[Task to carry out]
Wherever the listing holds a picture, leave it out, and copy the remainder exactly.
[Data for analysis]
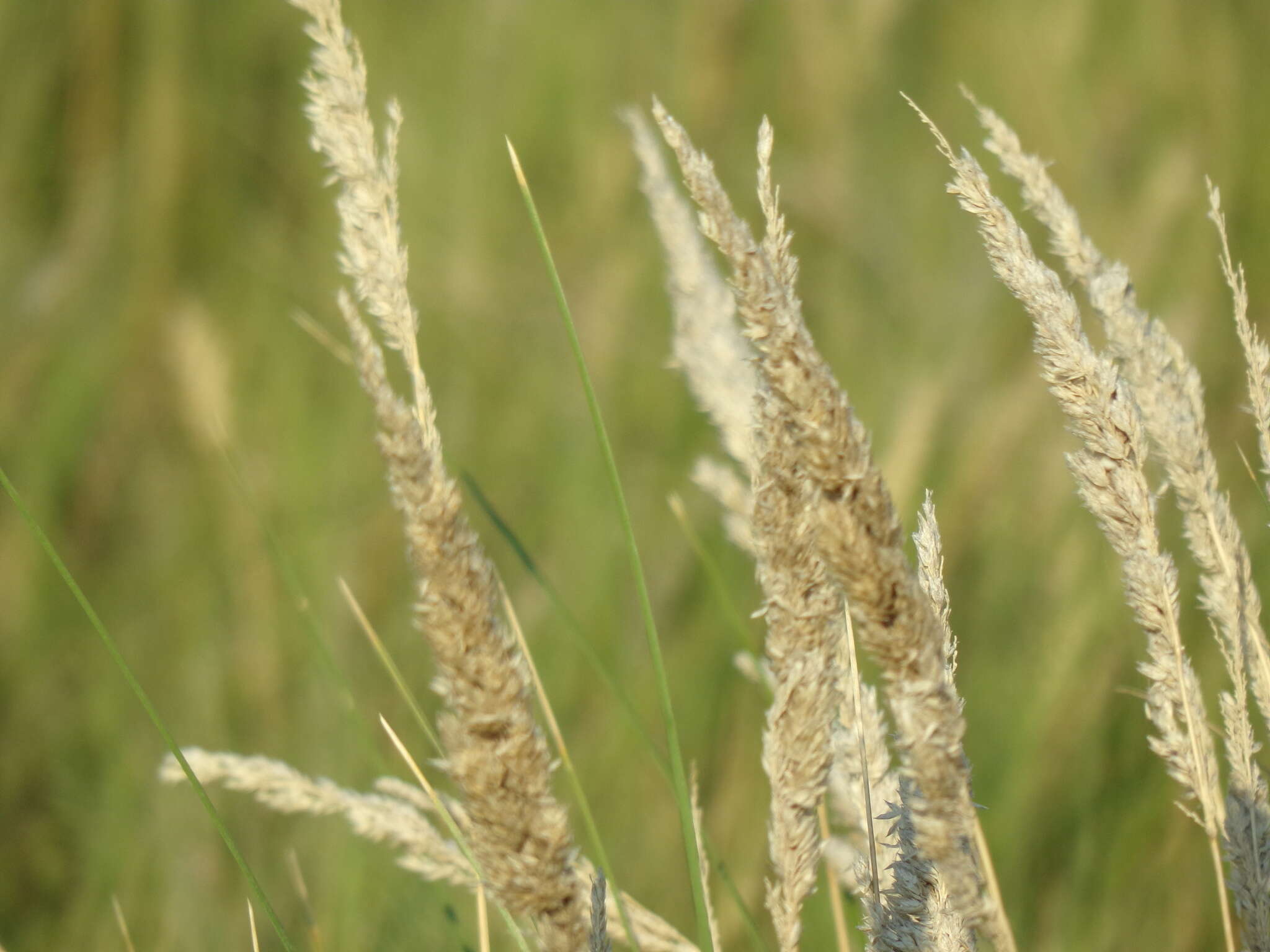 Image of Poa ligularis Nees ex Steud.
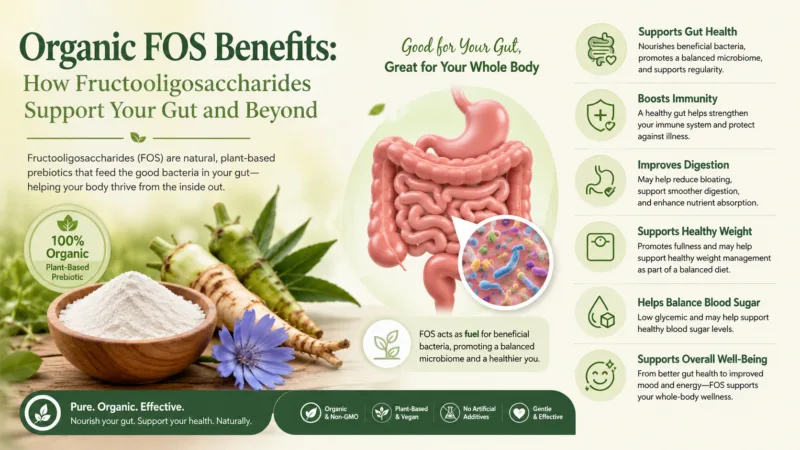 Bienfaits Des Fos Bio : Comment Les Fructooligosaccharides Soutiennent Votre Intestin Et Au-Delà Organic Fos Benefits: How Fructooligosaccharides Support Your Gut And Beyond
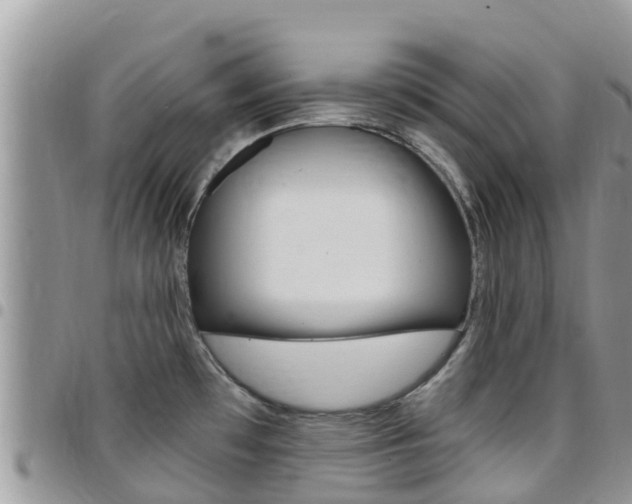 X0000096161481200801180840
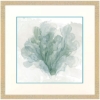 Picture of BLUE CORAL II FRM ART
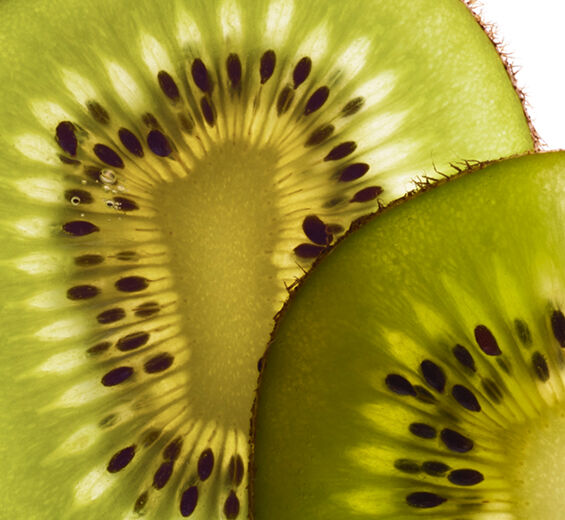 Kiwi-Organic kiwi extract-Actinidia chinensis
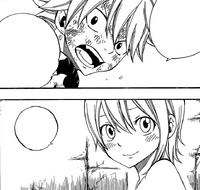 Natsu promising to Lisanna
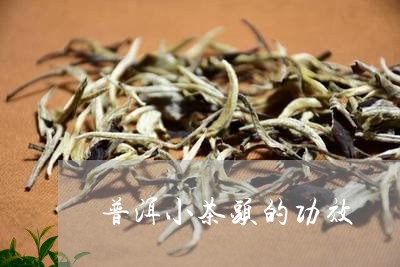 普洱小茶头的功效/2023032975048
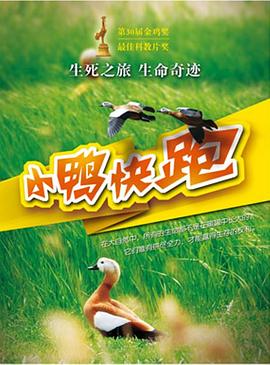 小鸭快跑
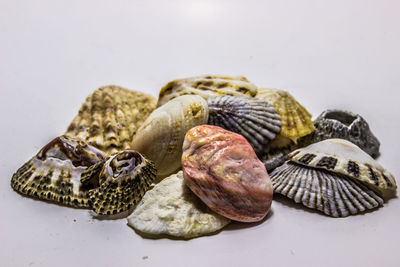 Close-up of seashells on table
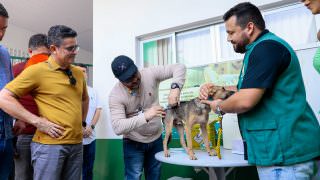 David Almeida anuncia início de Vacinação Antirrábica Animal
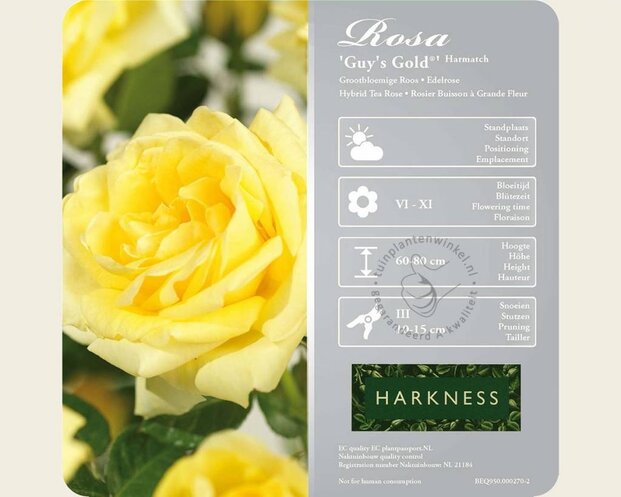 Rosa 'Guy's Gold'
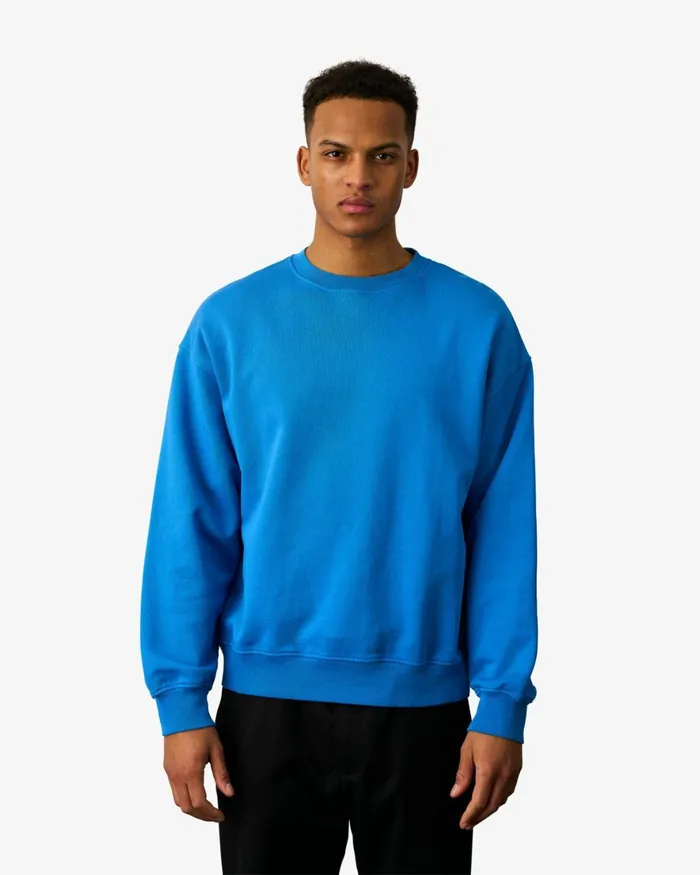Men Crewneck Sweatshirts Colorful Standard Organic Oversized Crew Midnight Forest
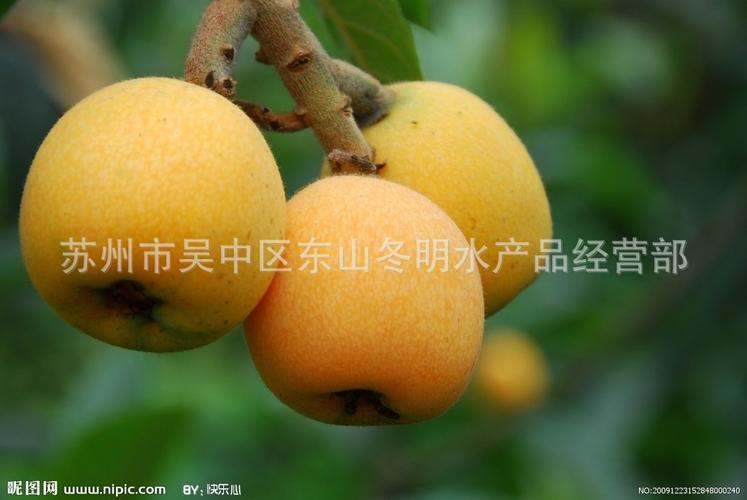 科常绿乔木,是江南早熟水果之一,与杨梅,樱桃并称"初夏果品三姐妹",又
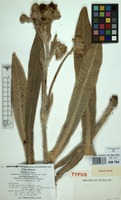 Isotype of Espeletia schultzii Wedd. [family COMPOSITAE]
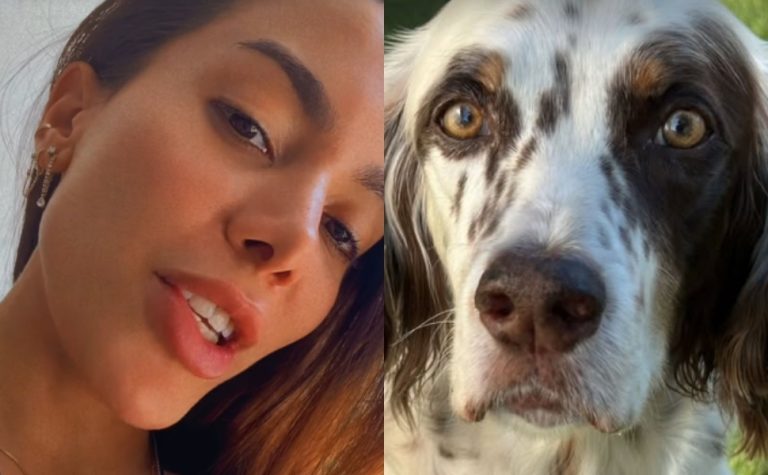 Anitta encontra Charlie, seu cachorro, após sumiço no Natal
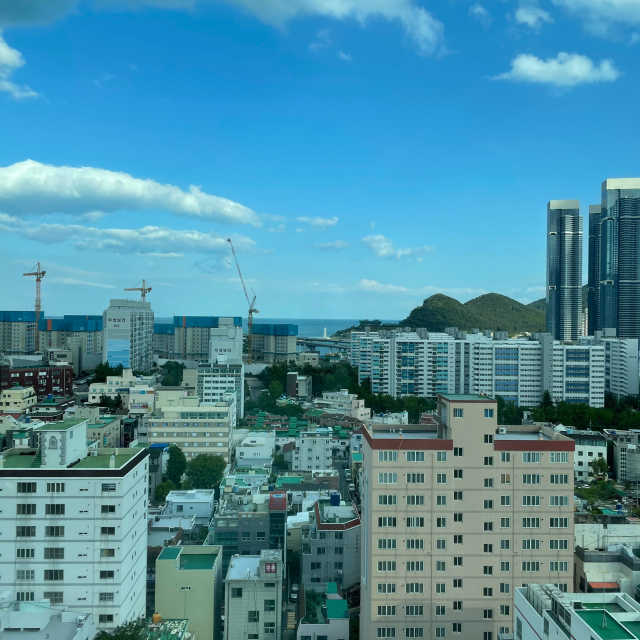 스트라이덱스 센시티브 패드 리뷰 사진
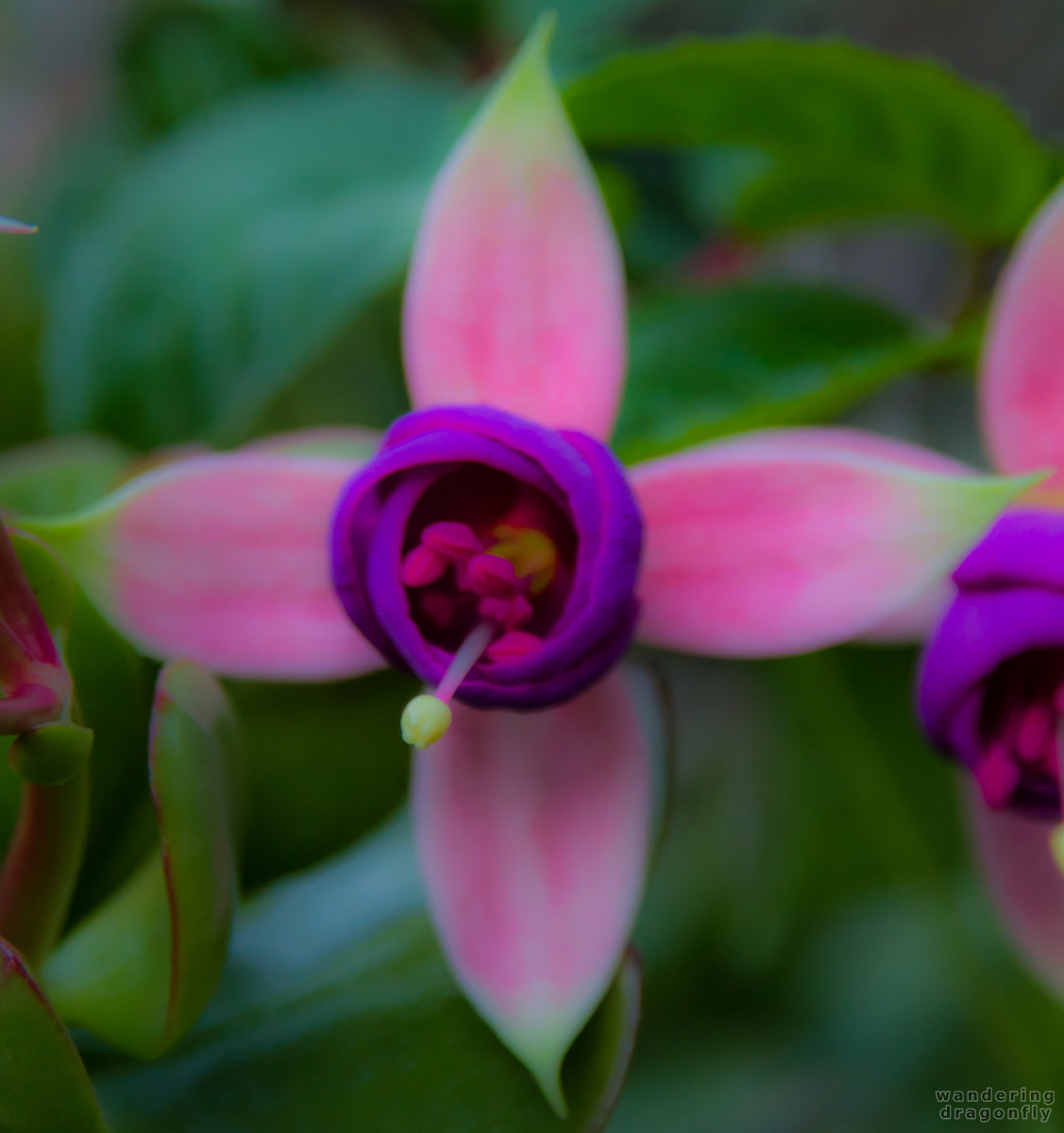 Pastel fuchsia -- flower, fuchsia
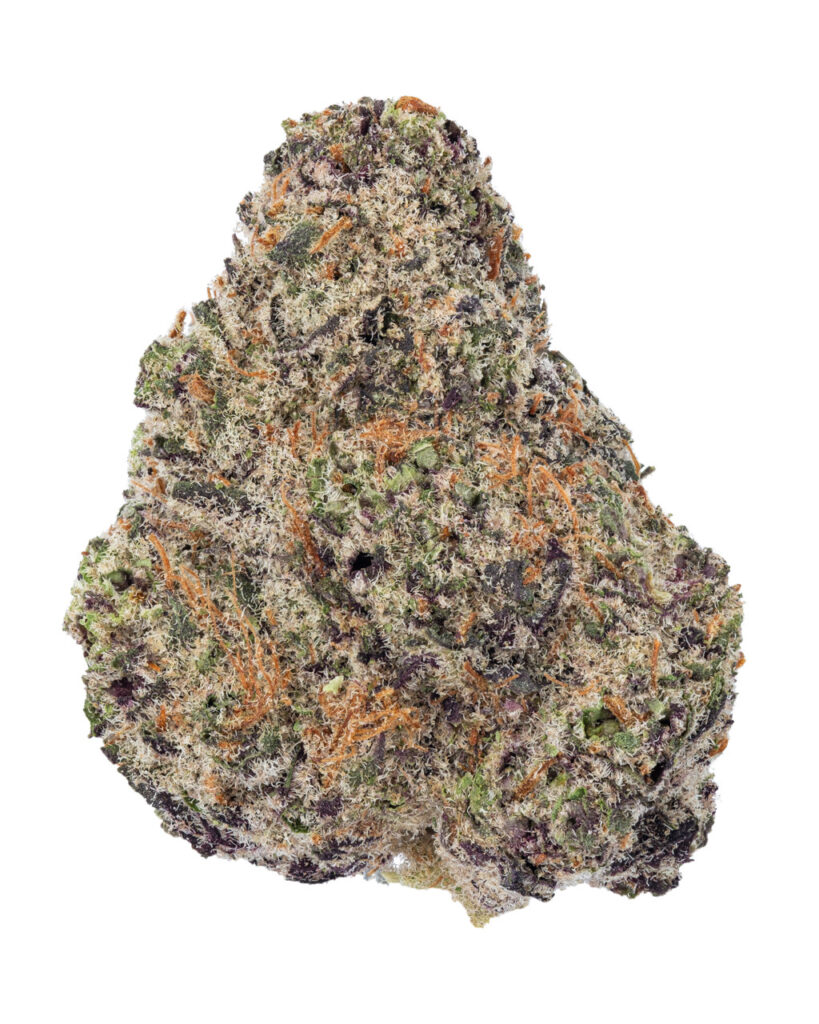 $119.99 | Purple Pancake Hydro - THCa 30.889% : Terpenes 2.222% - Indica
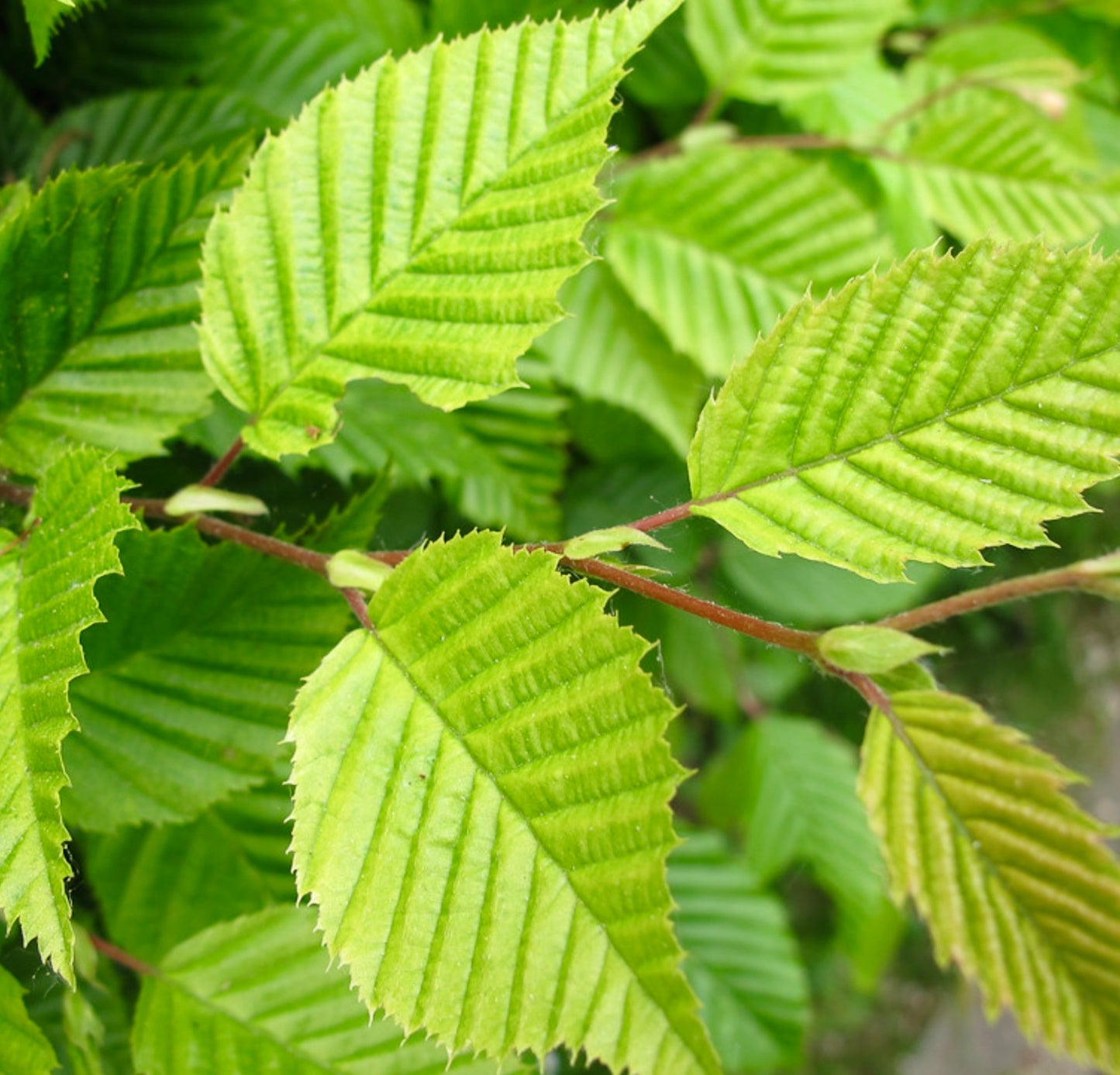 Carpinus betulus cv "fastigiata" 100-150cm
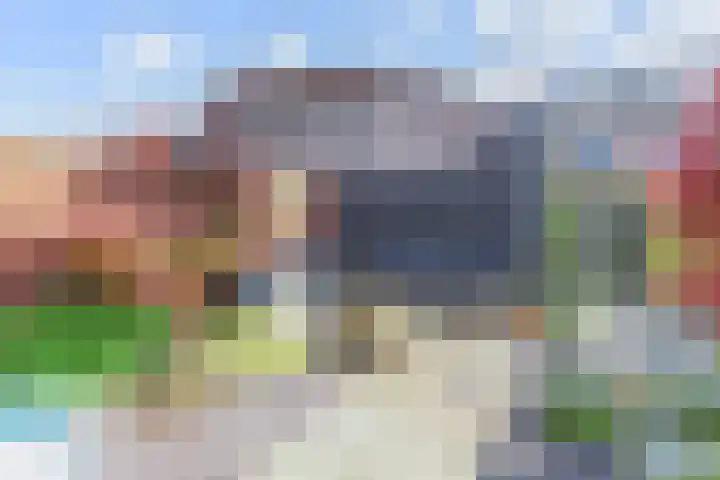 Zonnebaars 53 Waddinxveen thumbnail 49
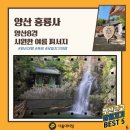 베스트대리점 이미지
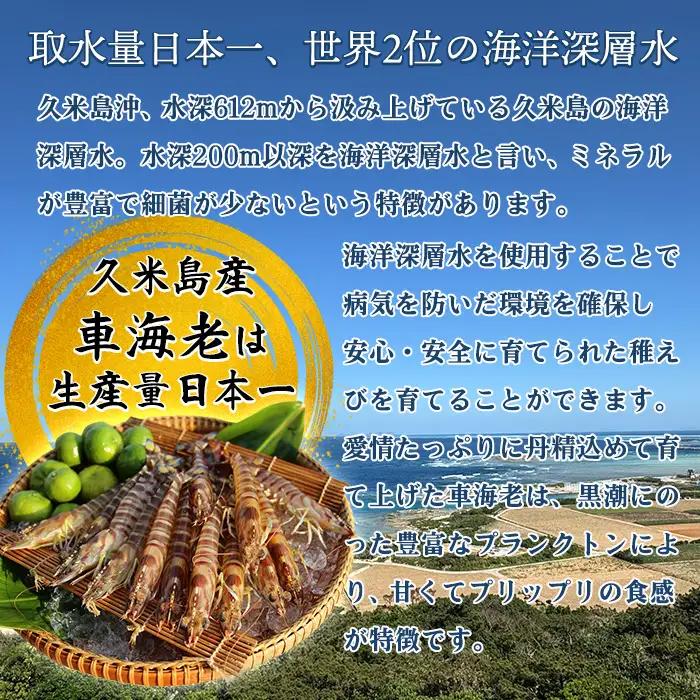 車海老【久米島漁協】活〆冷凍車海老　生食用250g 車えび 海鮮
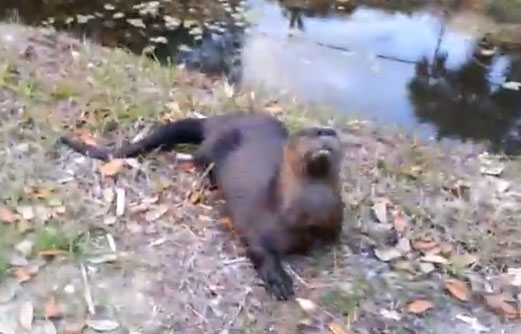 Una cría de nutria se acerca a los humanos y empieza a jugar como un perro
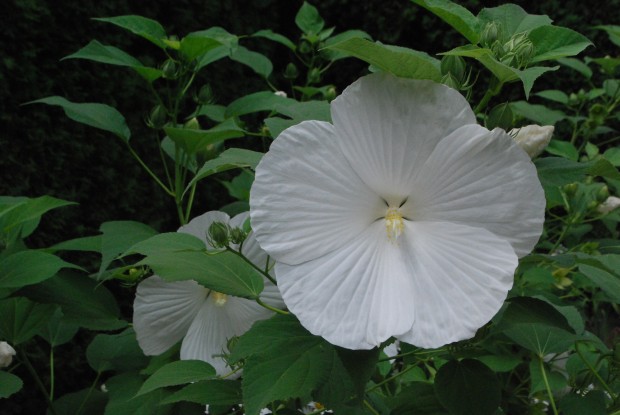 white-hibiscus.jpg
[/Data for analysis]
[Written response]
 Image of Poa ligularis Nees ex Steud.
 Bienfaits Des Fos Bio : Comment Les Fructooligosaccharides Soutiennent Votre Intestin Et Au-Delà Organic Fos Benefits: How Fructooligosaccharides Support Your Gut And Beyond
 X0000096161481200801180840
 Picture of BLUE CORAL II FRM ART
 Kiwi-Organic kiwi extract-Actinidia chinensis
 Natsu promising to Lisanna
 普洱小茶头的功效/2023032975048
 小鸭快跑
 Close-up of seashells on table
 David Almeida anuncia início de Vacinação Antirrábica Animal
 Rosa 'Guy's Gold'
Men Crewneck Sweatshirts Colorful Standard Organic Oversized Crew Midnight Forest
 科常绿乔木,是江南早熟水果之一,与杨梅,樱桃并称"初夏果品三姐妹",又
 Isotype of Espeletia schultzii Wedd. [family COMPOSITAE]
 Anitta encontra Charlie, seu cachorro, após sumiço no Natal
 스트라이덱스 센시티브 패드 리뷰 사진
 Pastel fuchsia -- flower, fuchsia
 $119.99 | Purple Pancake Hydro - THCa 30.889% : Terpenes 2.222% - Indica
 Carpinus betulus cv "fastigiata" 100-150cm
 Zonnebaars 53 Waddinxveen thumbnail 49
 베스트대리점 이미지
 車海老【久米島漁協】活〆冷凍車海老　生食用250g 車えび 海鮮
 Una cría de nutria se acerca a los humanos y empieza a jugar como un perro
 white-hibiscus.jpg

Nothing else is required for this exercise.